Getting sunlight during the day will also help with regulating your hormones. Research shows that by getting early morning sunlight will actually help lower your cortisol at night. If sunlight is limited in the region investing in to a full spectrum light is very beneficial for this.
Money-time Sleep
Timing sleep is like timing an investment. If you invest sleep at the right times you have the potential to get the most out of it. The research shows that the times for the possibility of the highest quality of sleep fall between 10p to 2a. This is because melatonin, human growth hormone, and reparative enzymes peak at this time during the night. So if we ignore this we can miss this window of the most regenerative sleep time. This is so normal, I even tend to get quite sleepy around 8p, but I push past it and distract my mind with watching TV, making a late dinner, reading, or other activities that by the time I check my watch again, it’s already 12 midnight and I’m not sleepy.

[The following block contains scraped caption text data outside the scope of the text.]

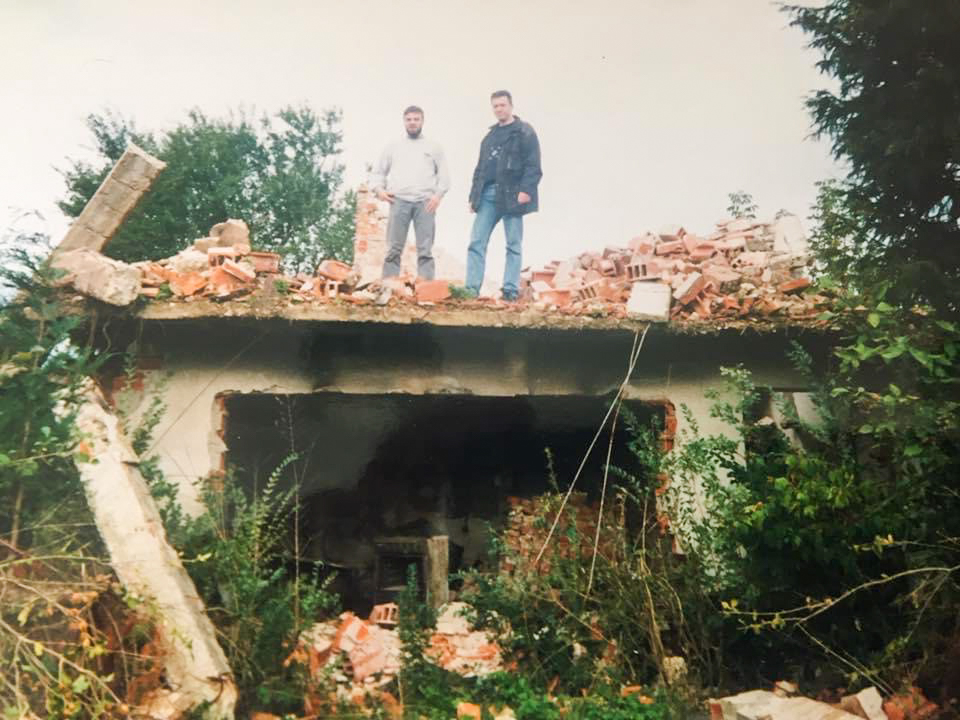Satko gimtasis miestas Kozaracas po Bosnijos karo. Iš asmeninio Satko Mujagić archyvo.
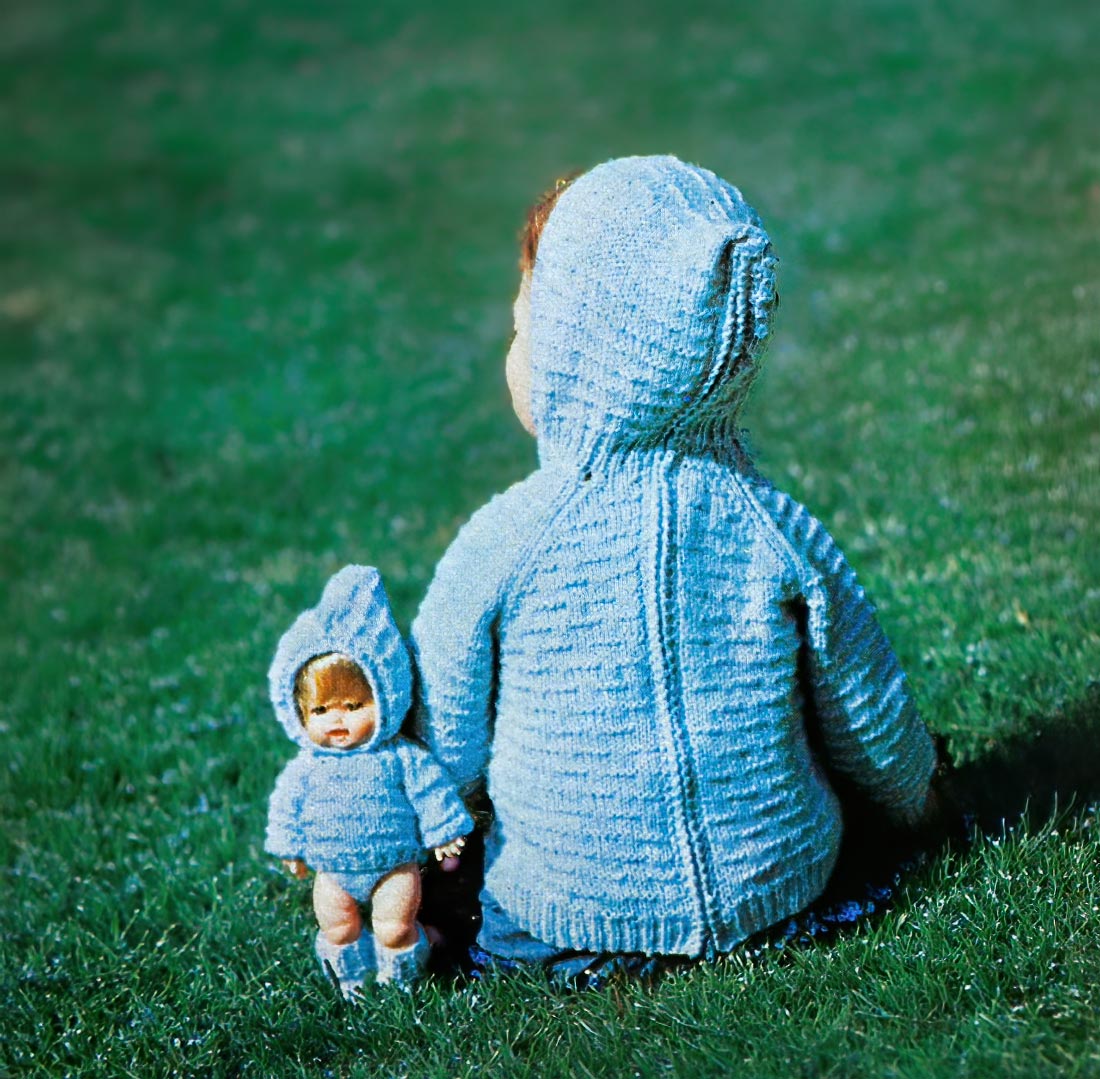 Back Zipped Hooded Baby Sweater Pattern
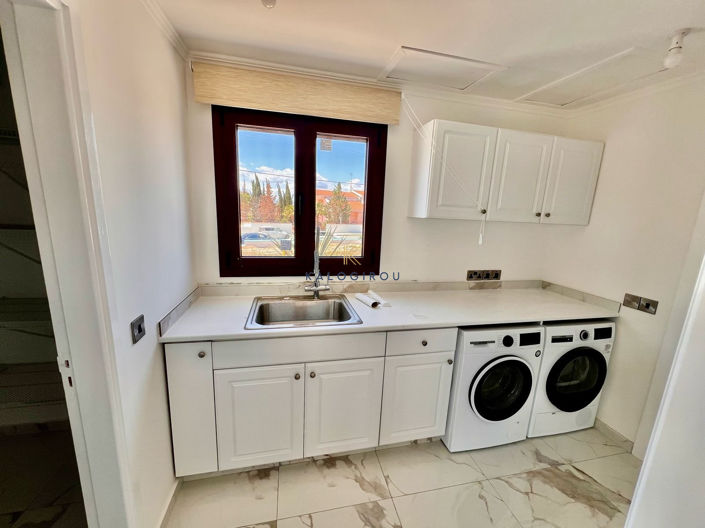 Image No.25-5 Bed House for sale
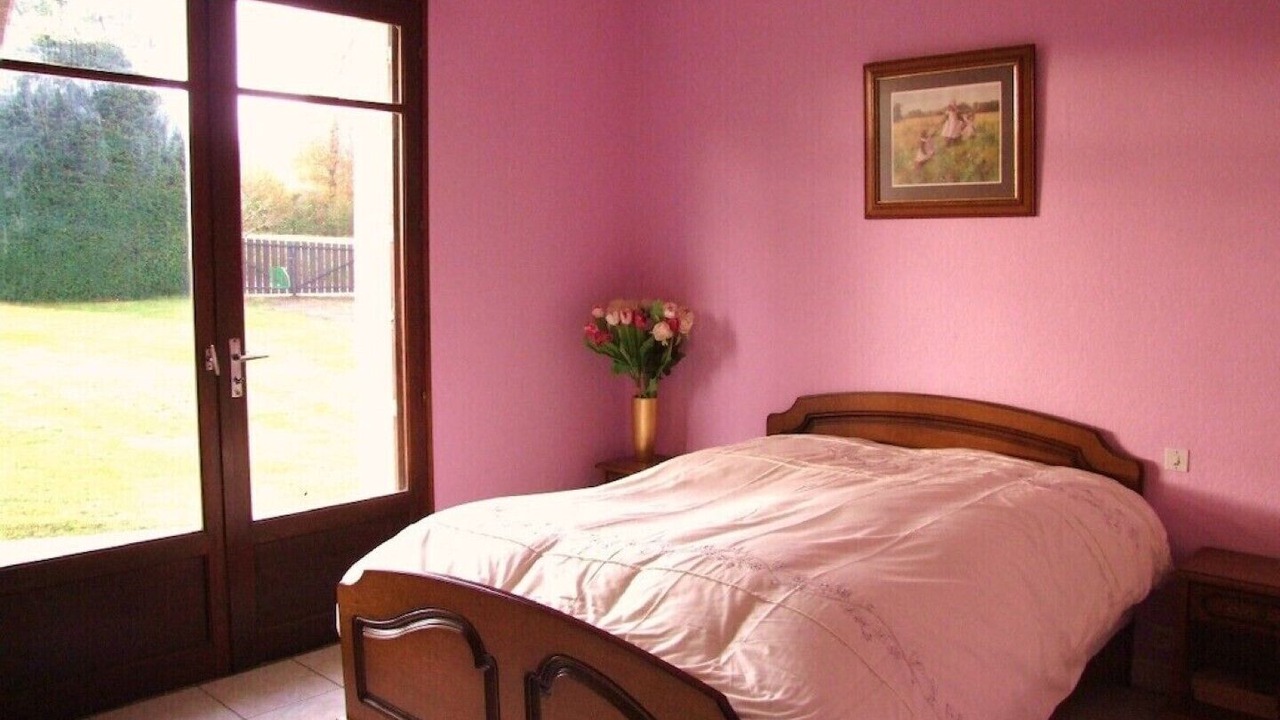 Photo of Bedroom in Cravans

What this does is that it wastes that reparative and regeneration peak time if I go push passed the sleepiness in the evening. So I’m learning to listen to my body when it is sleepy and that helps in taking advantage of the most optimal sleep quality. What’s important is to go to bed within 2-3 hours of the sun going down, so it is in conjunction to the seasons.
Other things you can try:
- Sleep outdoors
- Reduce or stop electronic screen time 2 hours before bed. I understand that this can be a very difficult challenge for many of us, so as a substitute use programs or tools that reduce the blue spectrum of light that we collect from screens. This include a program called f.lux on the computer or blue filter glasses.
- Evaluate the room. Design a sleep environment that supports sleep. Reducing noises or other distractions, have a comfortable mattress and linens, and reduce electronic devices near or around the bed.